ASSIGNED TASK:
Only one stretch of the data below should be repeated: the lines from the line containing "A person is pressing a button on a grill." through the line containing "Police officers stand", inclusive, exactly as they are.

EXTRACTED DATA:
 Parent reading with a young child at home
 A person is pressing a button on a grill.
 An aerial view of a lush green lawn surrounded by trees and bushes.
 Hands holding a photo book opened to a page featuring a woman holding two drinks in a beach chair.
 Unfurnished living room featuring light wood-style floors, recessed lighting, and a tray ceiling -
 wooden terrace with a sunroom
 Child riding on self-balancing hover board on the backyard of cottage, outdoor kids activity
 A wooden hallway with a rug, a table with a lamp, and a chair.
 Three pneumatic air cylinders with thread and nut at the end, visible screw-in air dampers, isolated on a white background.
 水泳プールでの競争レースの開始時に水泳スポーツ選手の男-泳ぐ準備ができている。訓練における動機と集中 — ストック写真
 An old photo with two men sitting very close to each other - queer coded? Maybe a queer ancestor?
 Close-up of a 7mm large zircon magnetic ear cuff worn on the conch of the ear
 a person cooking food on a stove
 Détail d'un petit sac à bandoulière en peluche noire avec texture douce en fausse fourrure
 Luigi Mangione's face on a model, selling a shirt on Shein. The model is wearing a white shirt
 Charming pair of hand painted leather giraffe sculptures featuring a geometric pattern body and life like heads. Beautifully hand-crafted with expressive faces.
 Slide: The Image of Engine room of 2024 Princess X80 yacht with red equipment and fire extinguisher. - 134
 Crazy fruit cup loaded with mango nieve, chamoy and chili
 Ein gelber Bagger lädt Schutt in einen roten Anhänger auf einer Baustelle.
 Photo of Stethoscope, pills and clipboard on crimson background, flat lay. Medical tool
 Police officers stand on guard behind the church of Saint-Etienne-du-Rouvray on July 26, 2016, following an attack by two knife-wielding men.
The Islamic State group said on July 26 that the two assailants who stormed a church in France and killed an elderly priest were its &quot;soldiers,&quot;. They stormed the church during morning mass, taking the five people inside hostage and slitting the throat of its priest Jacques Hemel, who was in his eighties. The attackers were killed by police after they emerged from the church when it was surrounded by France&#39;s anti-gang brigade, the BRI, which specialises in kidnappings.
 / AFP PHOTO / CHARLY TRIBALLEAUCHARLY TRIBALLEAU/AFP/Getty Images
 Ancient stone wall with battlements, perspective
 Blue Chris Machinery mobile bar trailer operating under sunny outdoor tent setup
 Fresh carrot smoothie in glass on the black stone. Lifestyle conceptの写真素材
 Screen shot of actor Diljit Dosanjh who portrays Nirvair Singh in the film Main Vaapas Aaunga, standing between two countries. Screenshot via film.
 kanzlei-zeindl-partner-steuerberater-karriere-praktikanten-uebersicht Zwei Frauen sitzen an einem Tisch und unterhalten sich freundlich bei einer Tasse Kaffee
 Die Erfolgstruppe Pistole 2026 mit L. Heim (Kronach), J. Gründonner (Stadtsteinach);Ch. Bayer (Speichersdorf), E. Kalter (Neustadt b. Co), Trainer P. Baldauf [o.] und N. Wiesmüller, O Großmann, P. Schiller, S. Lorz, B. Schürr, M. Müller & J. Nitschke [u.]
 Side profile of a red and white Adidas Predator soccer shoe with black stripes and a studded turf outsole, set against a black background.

YOUR SOLUTION:
 A person is pressing a button on a grill.
 An aerial view of a lush green lawn surrounded by trees and bushes.
 Hands holding a photo book opened to a page featuring a woman holding two drinks in a beach chair.
 Unfurnished living room featuring light wood-style floors, recessed lighting, and a tray ceiling -
 wooden terrace with a sunroom
 Child riding on self-balancing hover board on the backyard of cottage, outdoor kids activity
 A wooden hallway with a rug, a table with a lamp, and a chair.
 Three pneumatic air cylinders with thread and nut at the end, visible screw-in air dampers, isolated on a white background.
 水泳プールでの競争レースの開始時に水泳スポーツ選手の男-泳ぐ準備ができている。訓練における動機と集中 — ストック写真
 An old photo with two men sitting very close to each other - queer coded? Maybe a queer ancestor?
 Close-up of a 7mm large zircon magnetic ear cuff worn on the conch of the ear
 a person cooking food on a stove
 Détail d'un petit sac à bandoulière en peluche noire avec texture douce en fausse fourrure
 Luigi Mangione's face on a model, selling a shirt on Shein. The model is wearing a white shirt
 Charming pair of hand painted leather giraffe sculptures featuring a geometric pattern body and life like heads. Beautifully hand-crafted with expressive faces.
 Slide: The Image of Engine room of 2024 Princess X80 yacht with red equipment and fire extinguisher. - 134
 Crazy fruit cup loaded with mango nieve, chamoy and chili
 Ein gelber Bagger lädt Schutt in einen roten Anhänger auf einer Baustelle.
 Photo of Stethoscope, pills and clipboard on crimson background, flat lay. Medical tool
 Police officers stand on guard behind the church of Saint-Etienne-du-Rouvray on July 26, 2016, following an attack by two knife-wielding men.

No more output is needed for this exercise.